[Dataset entries]
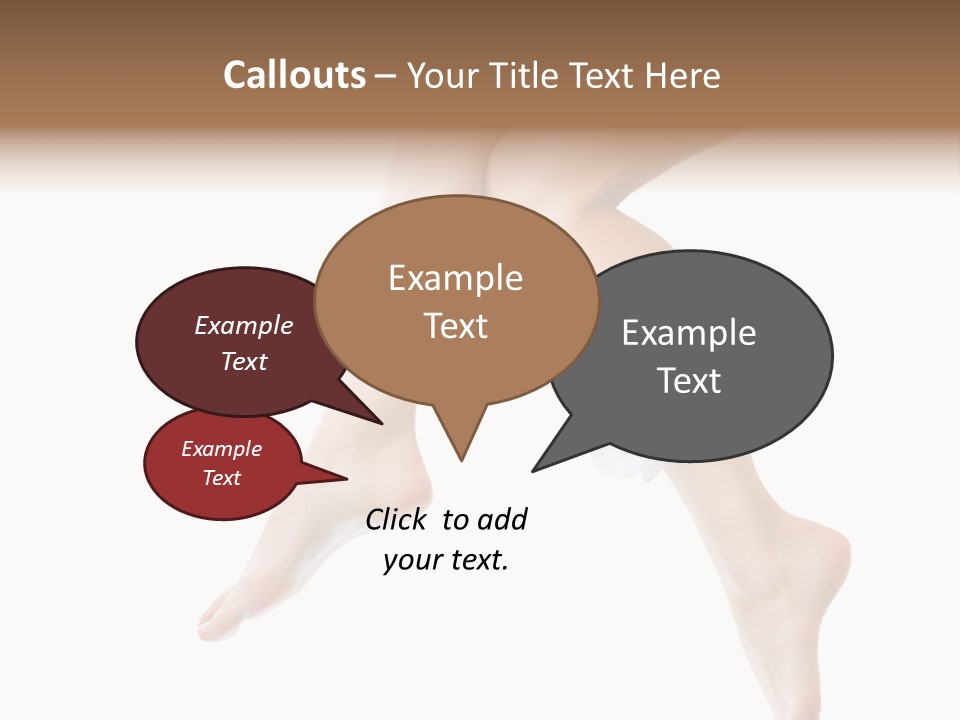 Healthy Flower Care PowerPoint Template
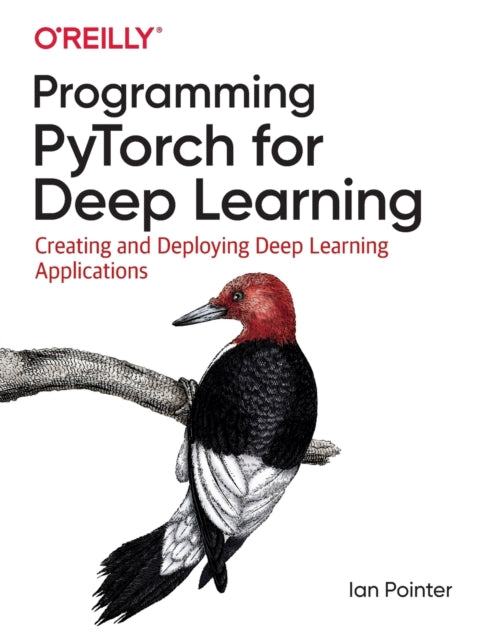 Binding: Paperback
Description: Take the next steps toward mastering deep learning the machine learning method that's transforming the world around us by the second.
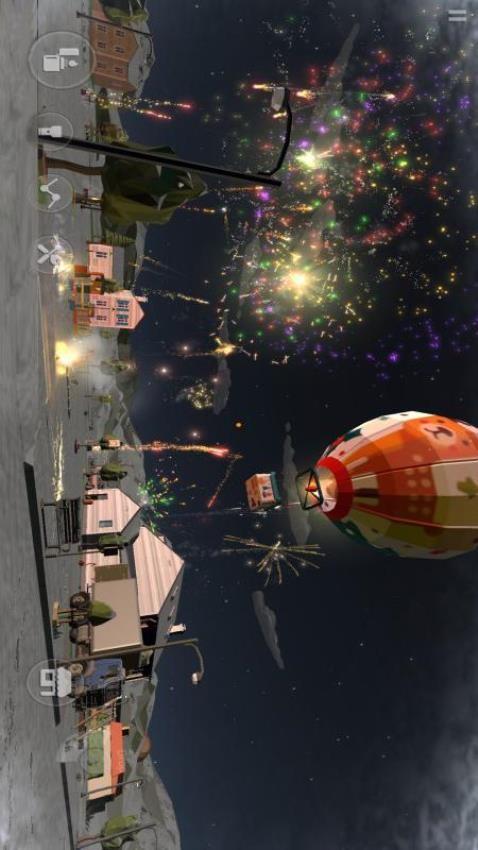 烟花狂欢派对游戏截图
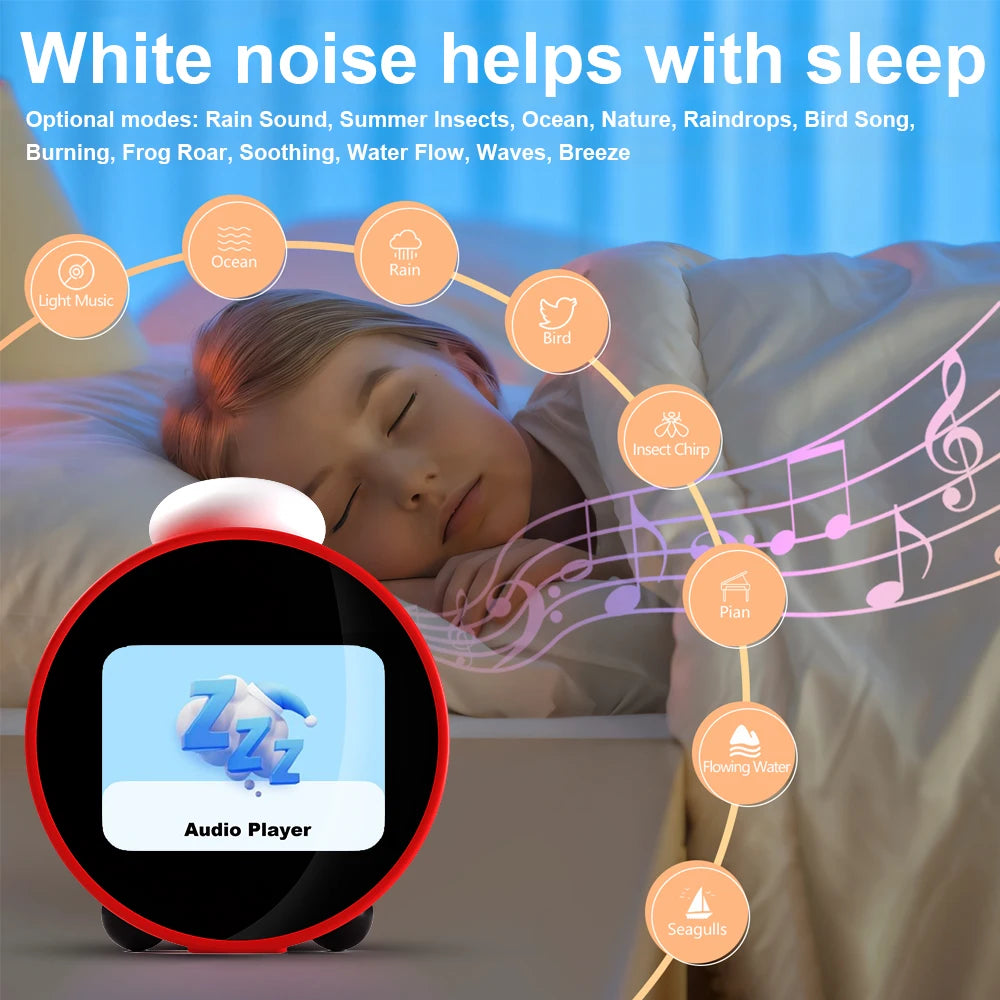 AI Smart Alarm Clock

_WHAT NEEDS TO BE DONE_:
Retype, word for word, the lines from the one with "Binding: Paperback" through the last line of the entries above, and only those lines. Leave pictures out.

_WRITTEN ANSWER_:
 Binding: Paperback
Description: Take the next steps toward mastering deep learning the machine learning method that's transforming the world around us by the second.
 烟花狂欢派对游戏截图
 AI Smart Alarm Clock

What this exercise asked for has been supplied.